Mrs Mary Delany (nee Granville), born 300 years ago this week, on May 14th 1700, could never in her wildest imaginings have dreamed up a notion like the Internet, still less have conceived of two websites dedicated to her name.
What would she have made of it? A highly intelligent, broadminded woman in life, I think she would welcome the research of Prof Alain Kerherve of the Universite de Bretagne Occidentale, Brest, France (at www.geocities.com/Athens/Oracle/5327/MAPAGE.HTM) and of Jean L. Cooper and Angelika S. Powell of Charlotte, Virginia (at www.lib.virginia.edu/exhibits/charlotte/delany.html).

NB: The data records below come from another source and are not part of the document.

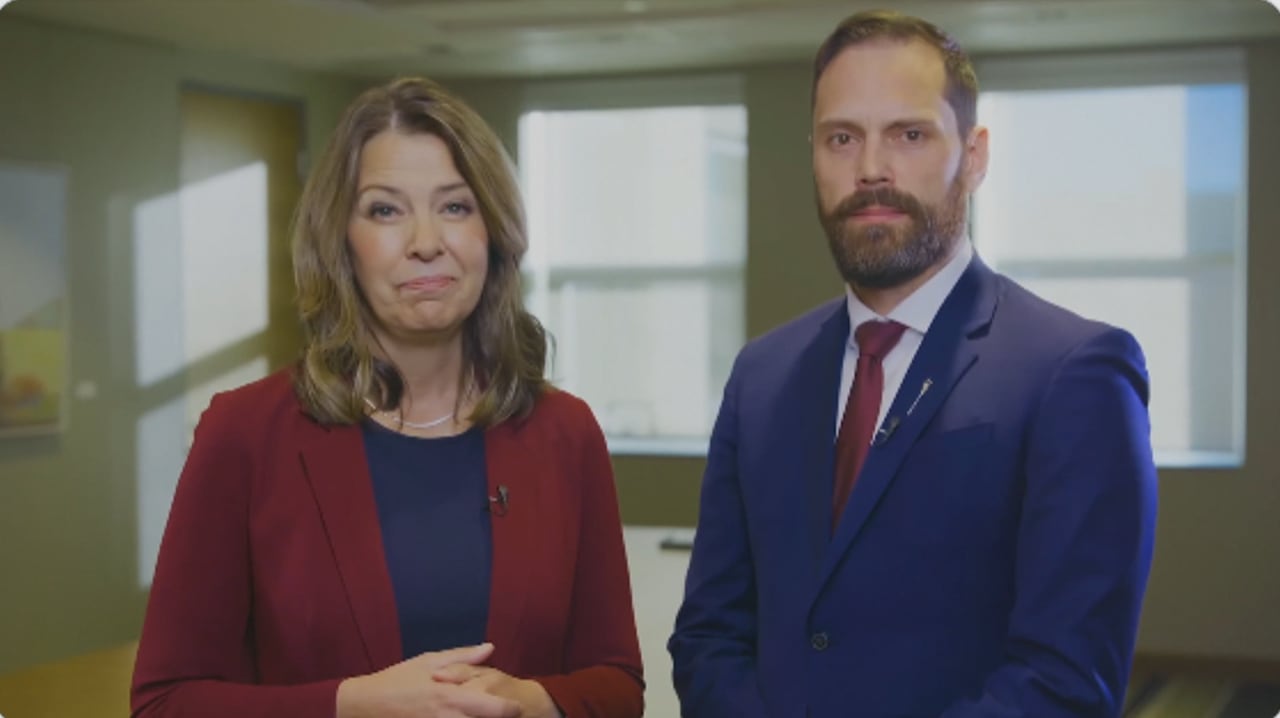 Alberta premier Danielle Smith and Minister Matt Jones stand side by side 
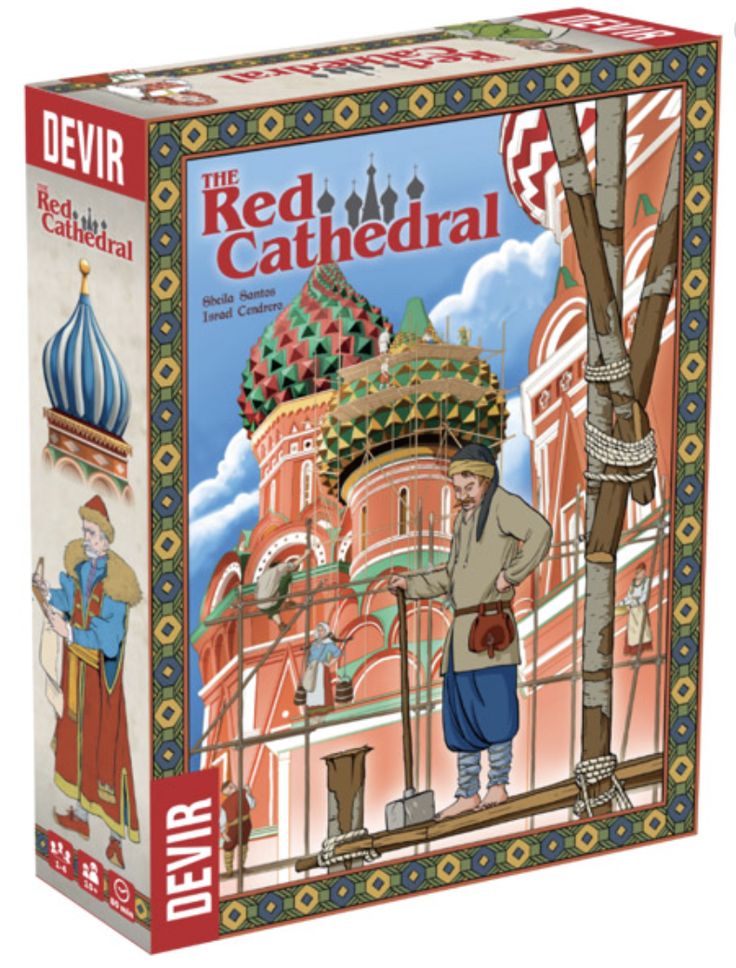 the red cathedral jigsaw puzzle box is open and showing an image of a man standing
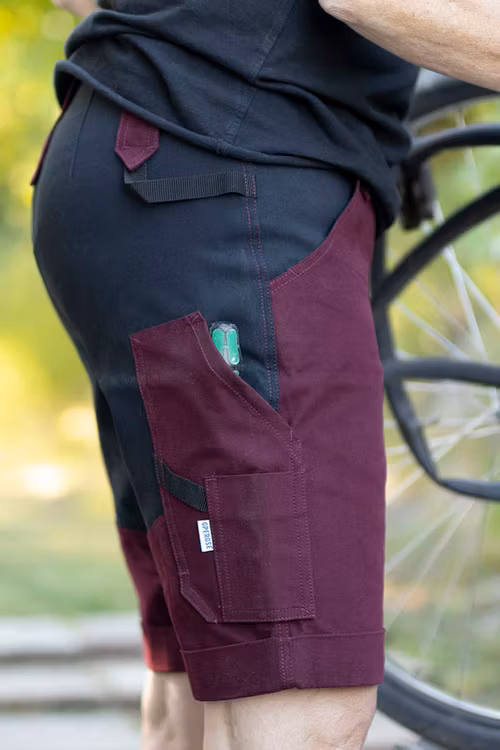 Kvinna som bär vinröda arbetsshorts med stretch när hon lagar sin cykel.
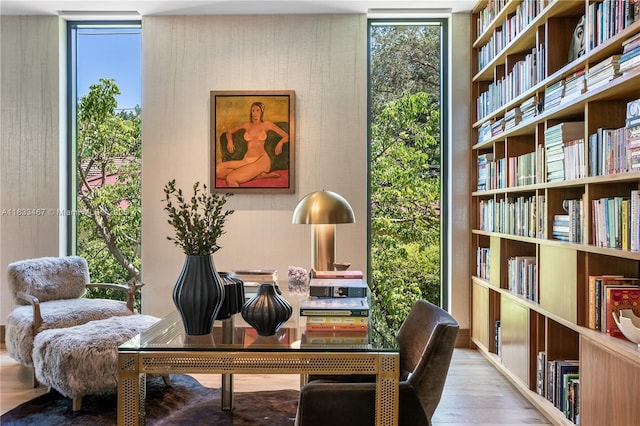 3910 Battersea Rd, Miami, FL 33133 - living area featuring a wall of windows and wood finished floors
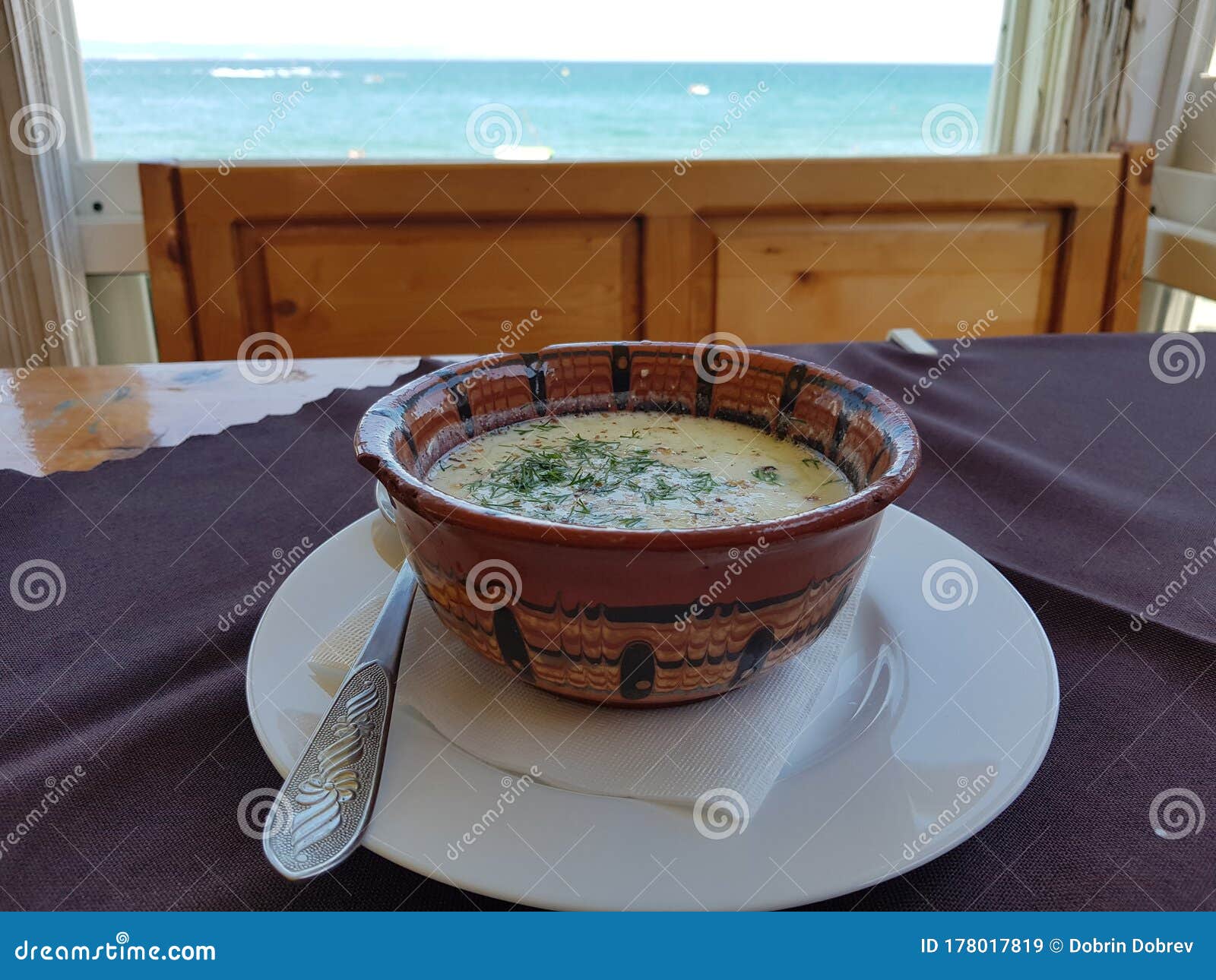 tarator - bulgarian cuisine. summer cold soup with yogurt, herbs, walnuts and cucumber for healthy diet. meal infront of sea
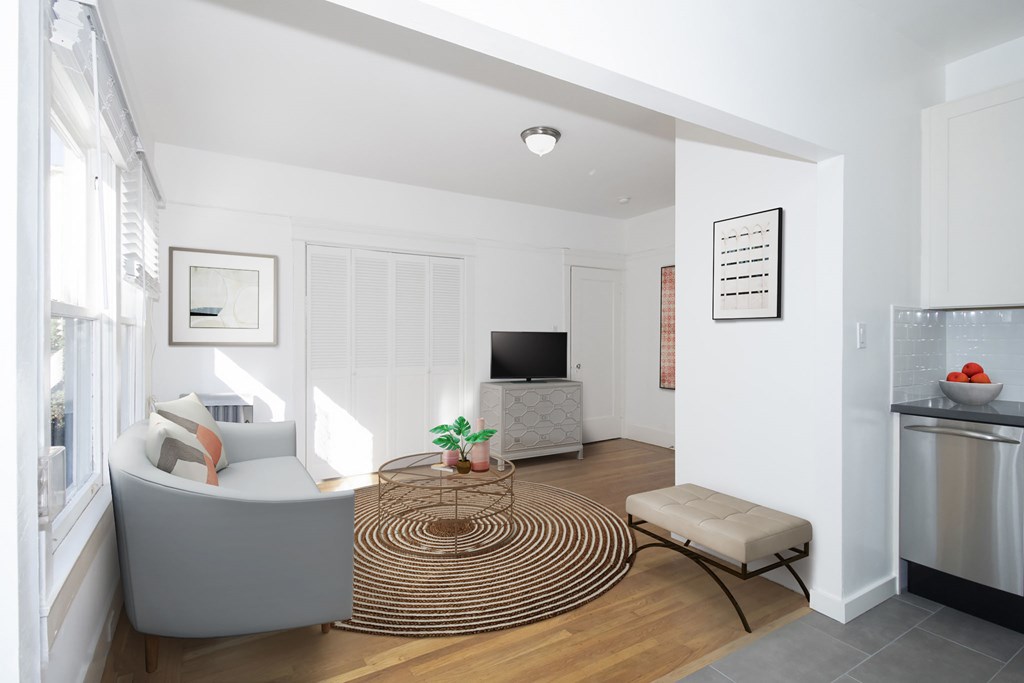 A modern living room with a grey sofa and a round woven coffee table.
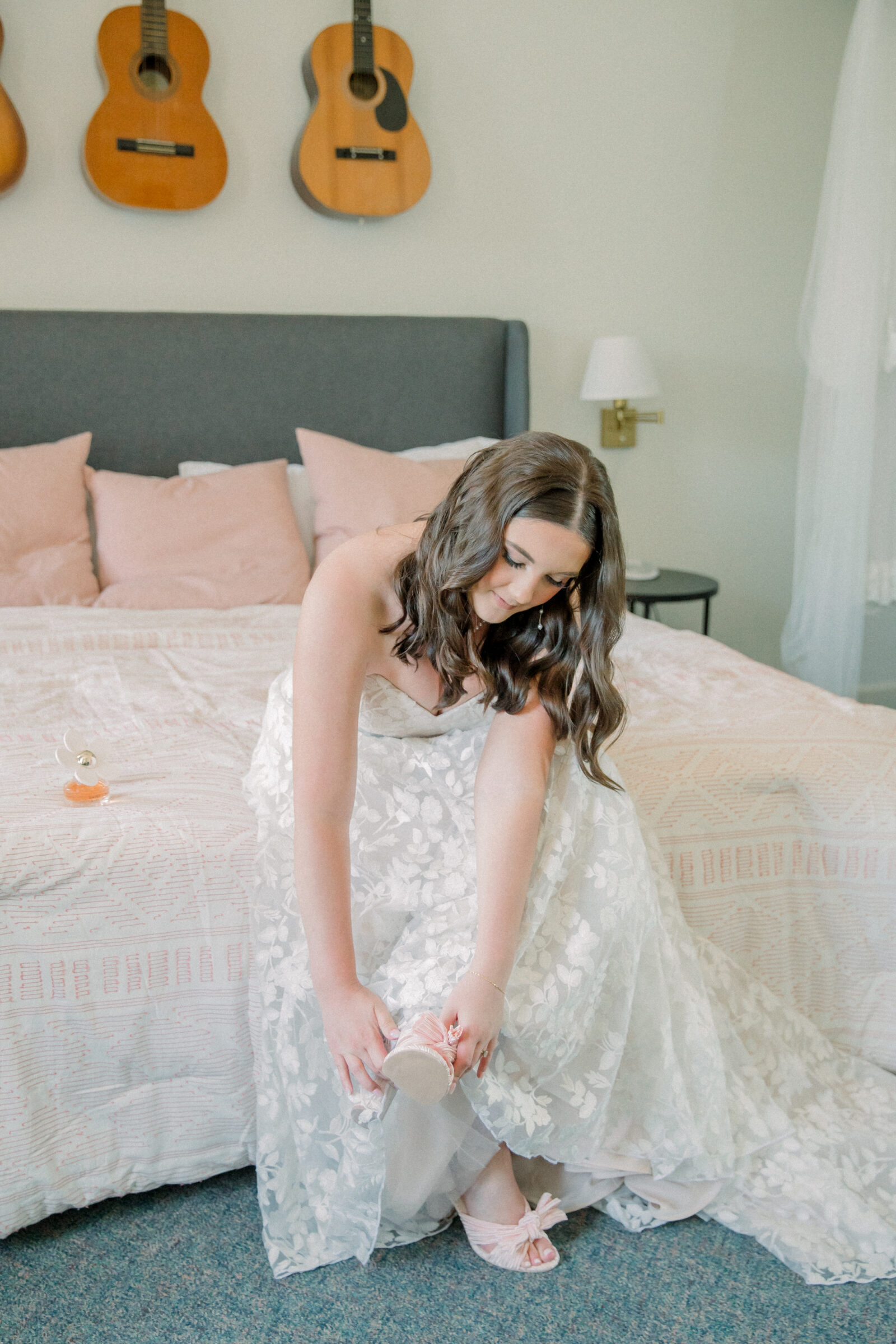 Lynchburg Virginia Wedding Photographer | bride in white floral wedding dress puts on pink shoes with a bow while getting ready for her Virginia wedding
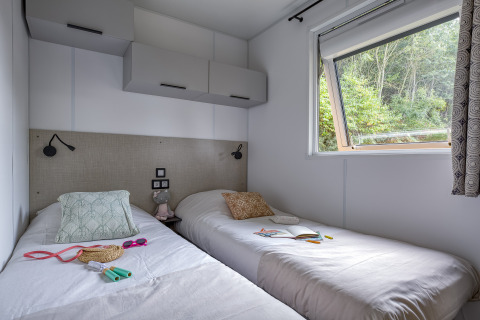 Chambre avec deux lits simples, rangements modernes et grande fenêtre au Camping Saint Pabu Plage Glamping.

Communication for Mrs Delany was by pen and ink. An inveterate letter writer, chronicler of 18th-century life, her wisdom, news and gossip was dispensed only to friends in her close circle. Yet her influence has prevailed through two centuries and now resides firmly on the World Wide Web. A wonder, surely, for this private Englishwoman who never sought or courted fame and certainly never could have anticipated enduring into the Information Age.
Delany, famous for her flower paintings, spent much of her life in Dublin. Her large garden at Glasnevin formed the basis for the National Botanical Gardens, and her home there, Delville, was a prominent landmark until the 1950s. She had, however, the misfortune to be the daughter of a second son, Bernard Granville. He was dependent on his richer and more powerful brother, Lord Lansdowne, who took charge of the family's prosperity and security.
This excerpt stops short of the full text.